Here’s the good news: You don’t have to be an extrovert to build a powerful personal brand! Today, we are going to cover several ways that you can create an engaging and impressive brand without getting up to speak to an audience, and without attempting to charm a whole room full of networking professionals.

1) Publish Blogs and Articles. Writing blogs and articles discussing your market and your area of expertise demonstrates that you know what you’re talking about. And you can do it in the peace and quiet of your office or your home! Focus on writing content that provides answers to your market’s common questions, and that provides value to your readers.

2) Write a Book. In our culture, we associate authorship with expertise. If you write a book, you’ve achieved an instant credibility boost. And yes, before you dismiss this idea… we can guarantee that you DO have a book in you! Let us know if you’d like to discuss this further.

3) Focus on Relationships. People are important – but you don’t have to take them on in large numbers! Focus your “networking” efforts on getting to know key professionals in a one-on-one setting. One strong relationship is much more valuable than 10 surface-level relationships anyway.

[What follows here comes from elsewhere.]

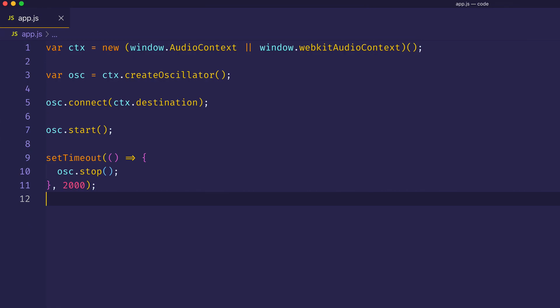In this video, we'll explore the basic oscillators in the Web Audio API. In our code, we've already wired up, so to speak, an oscillator, assigned here to var osc.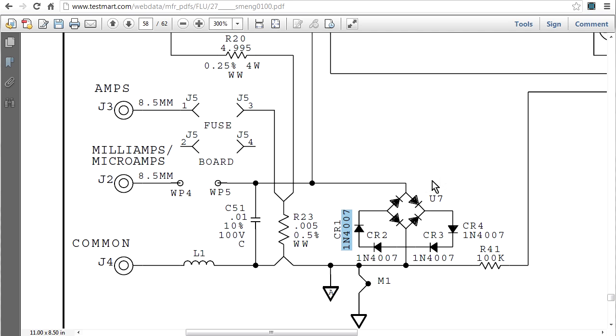Now, these diodes, they're only 1 amp diodes, 1N4007s. So you might think, well, 1 amp, that's not much at all, but aha, we'll go into the data sheets, and we'll take a look at that.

4) Practice What You Preach. Finally, live out your brand. Let your market see that you’re honest and genuine. Over time, if you stay true to your values and consistently do what you say you’re going to do, your brand and your reputation will grow on its own.

Yes, sometimes personal branding can be easier if you’re extroverted and willing to talk to anyone, anytime. But you don’t have to be an extrovert to succeed! Hopefully this blog entry provided some helpful tips… but please contact us today if you want to know more!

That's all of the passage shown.